THE TASK:
The reader should set down exactly the lines from the one containing "功能：雷达+光敏，感性负载200W，阻性负载1500W，感应范围6米以内，感应时间20~60S 光照亮度2LUX ,电压220V" through the last line of the material, omitting every picture.

----------------------------------------

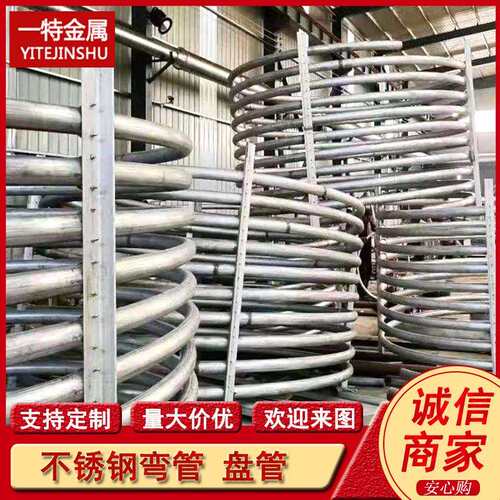 生产S30408 2205 2507 347H不锈钢盘管 热交换器扇用不锈钢弯管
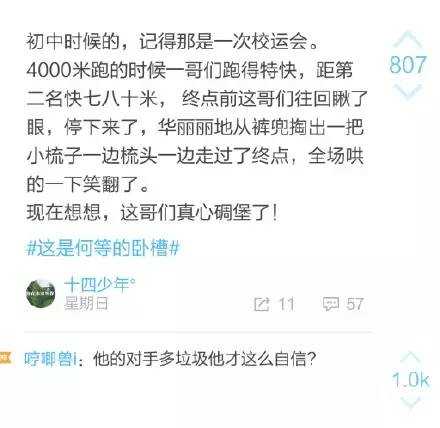 新春必备,2016年会装逼宝典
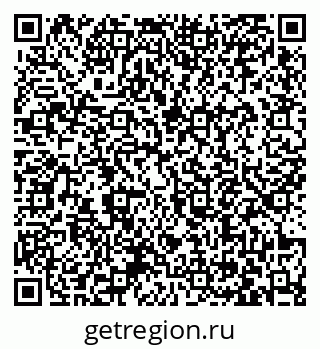 79063471938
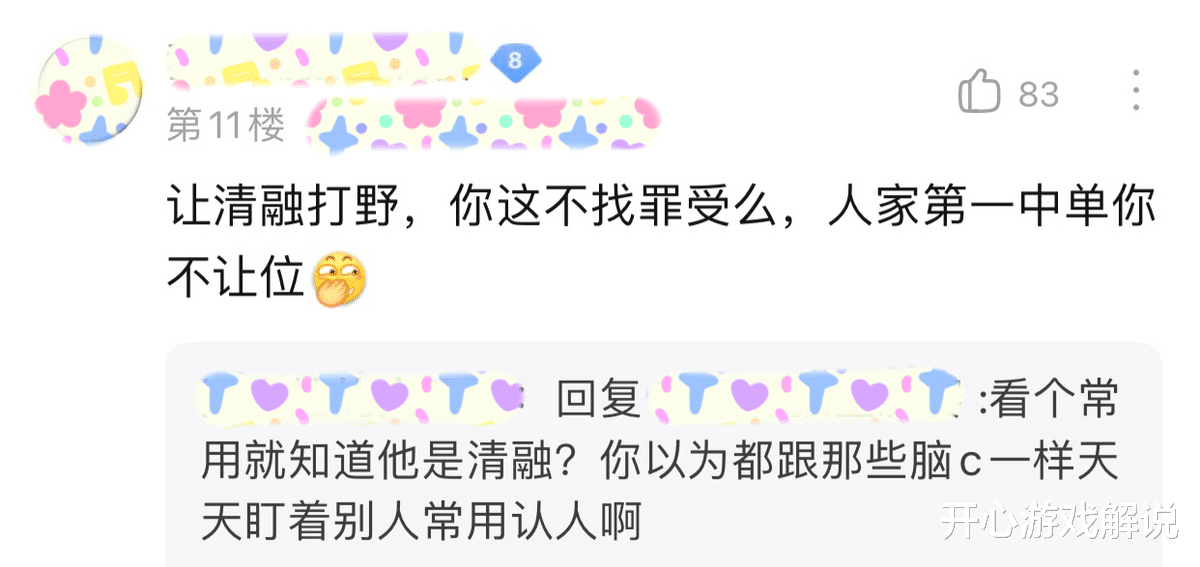 熊猫|某王者玩家自嘲:“我完了,我把职业选手和主播都得罪了!”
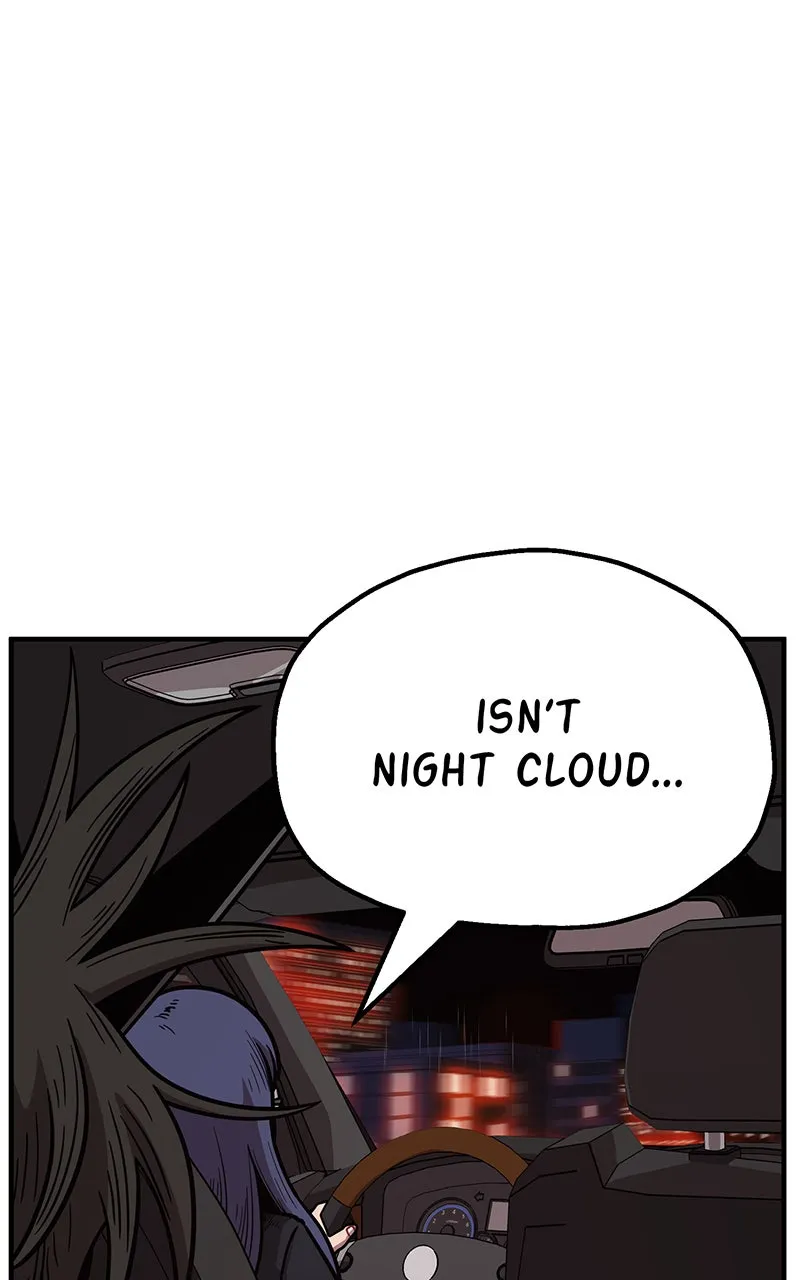 Read Metro Hunter chapter 51 image 17 on Lezhin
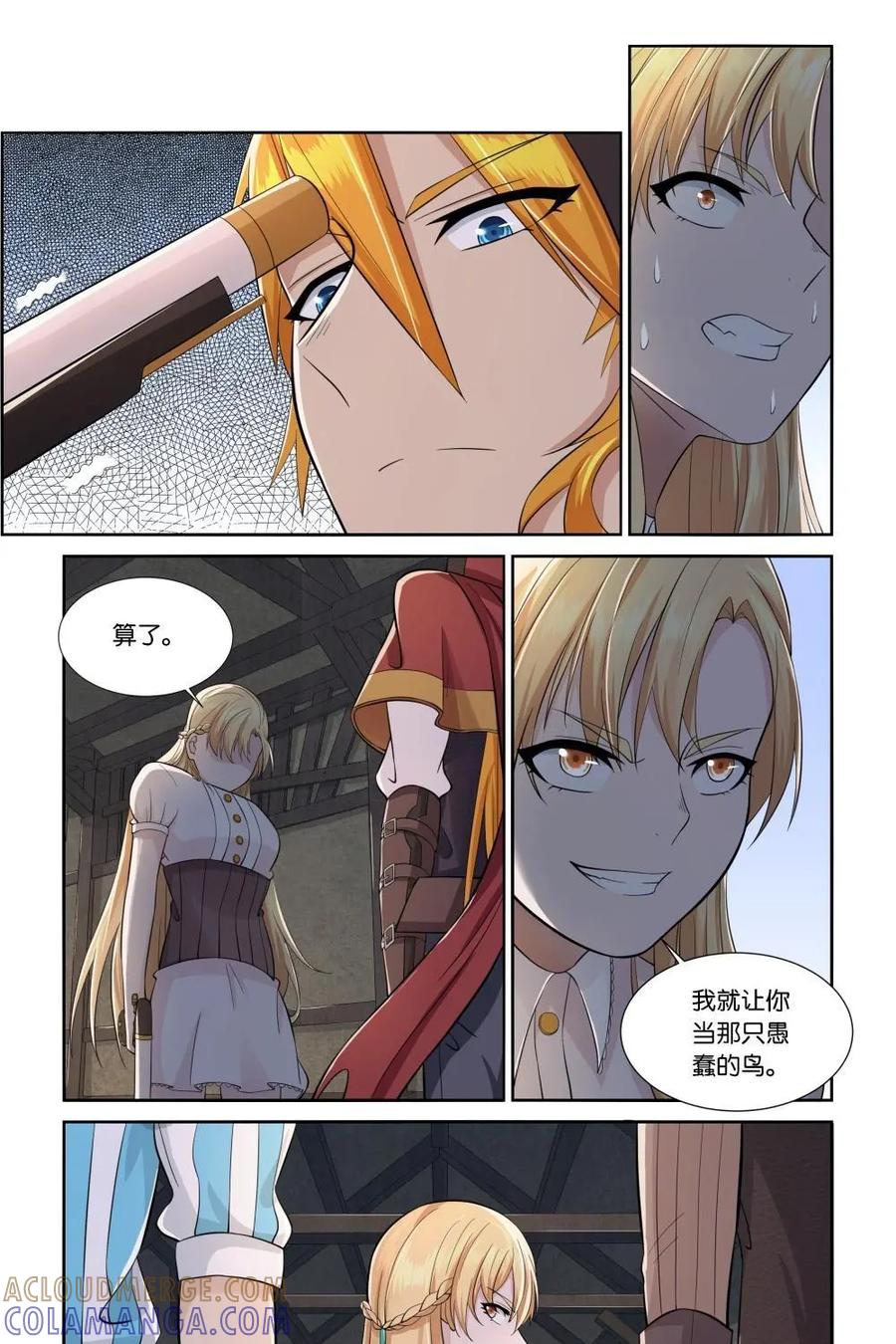 《独一无二的瑞德先生》第14话 第21页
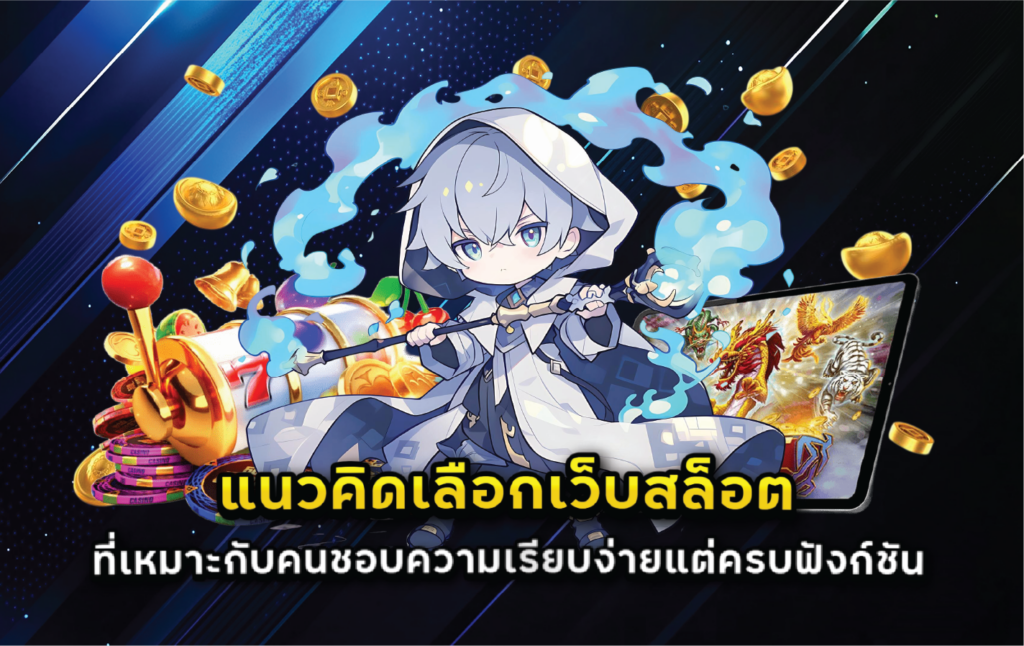 แนวคิดเลือกเว็บสล็อตที่เหมาะกับคนชอบความเรียบง่ายแต่ครบฟังก์ชัน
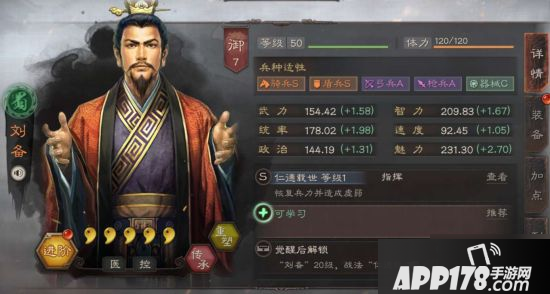 《三国志战略版》s3最强阵容有哪些 最强t0阵容搭配教学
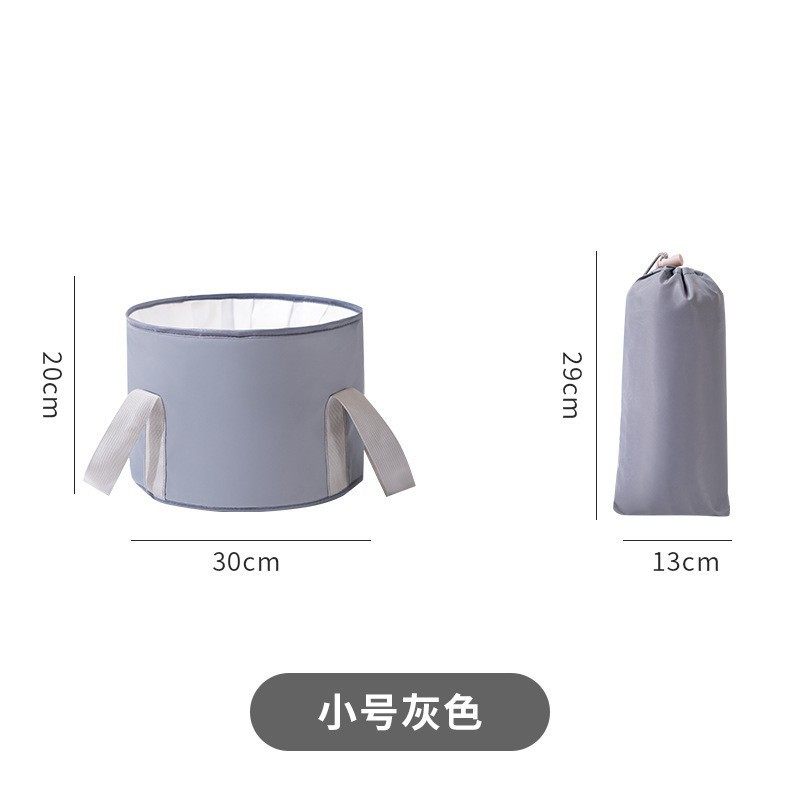 可折叠泡脚桶过小腿按摩家用便携式儿童洗脚盆冬天保温高深泡脚袋,家庭/个人清洁工具,足浴盆/足浴桶,淘宝优惠券,粉丝福利购,淘宝优惠卷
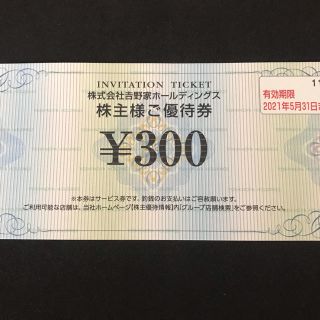 吉野家　株主優待　300円(レストラン/食事券)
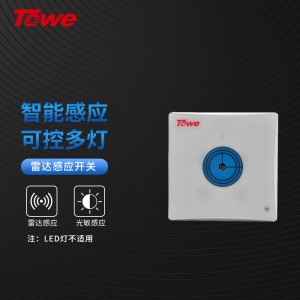 功能：雷达+光敏，感性负载200W，阻性负载1500W，感应范围6米以内，感应时间20~60S 光照亮度2LUX ,电压220V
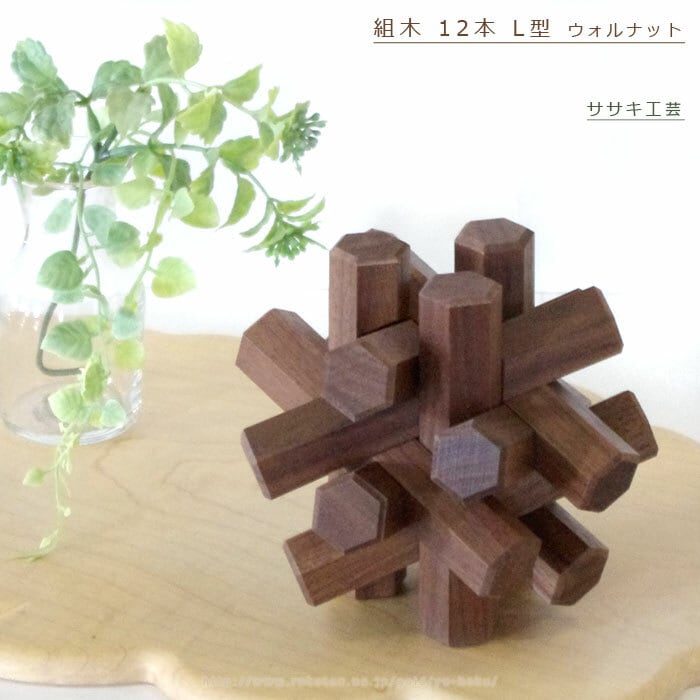 組木 L型 12本組 /ササキ工芸 | クラフト舘 ～雄大な北の大地からの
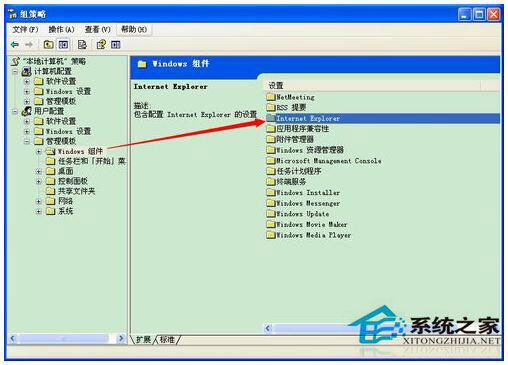 WinXP IE瀏覽器主頁無法修改怎么辦？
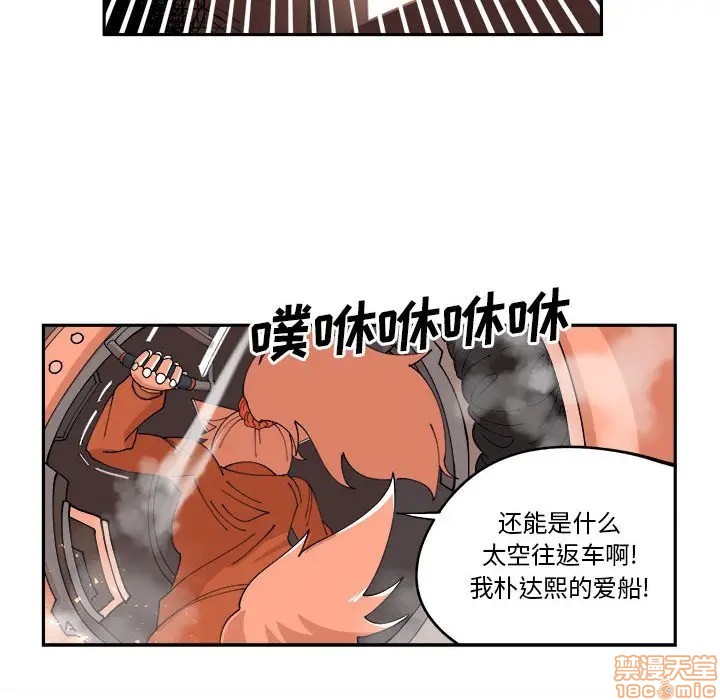第11话85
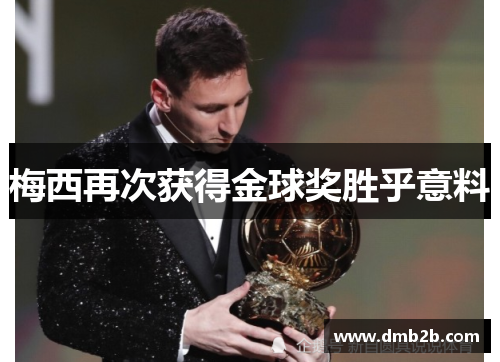 梅西再次获得金球奖胜乎意料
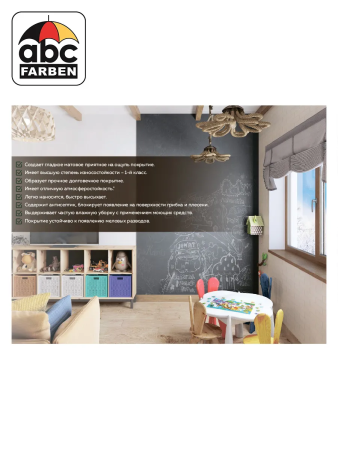 Краска грифельная для школьных досок зеленый   1,0л  FARBITEX Профи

----------------------------------------

SOLUTION TO THIS PROBLEM:
 功能：雷达+光敏，感性负载200W，阻性负载1500W，感应范围6米以内，感应时间20~60S 光照亮度2LUX ,电压220V
 組木 L型 12本組 /ササキ工芸 | クラフト舘 ～雄大な北の大地からの
 WinXP IE瀏覽器主頁無法修改怎么辦？
第11话85
 梅西再次获得金球奖胜乎意料
 Краска грифельная для школьных досок зеленый   1,0л  FARBITEX Профи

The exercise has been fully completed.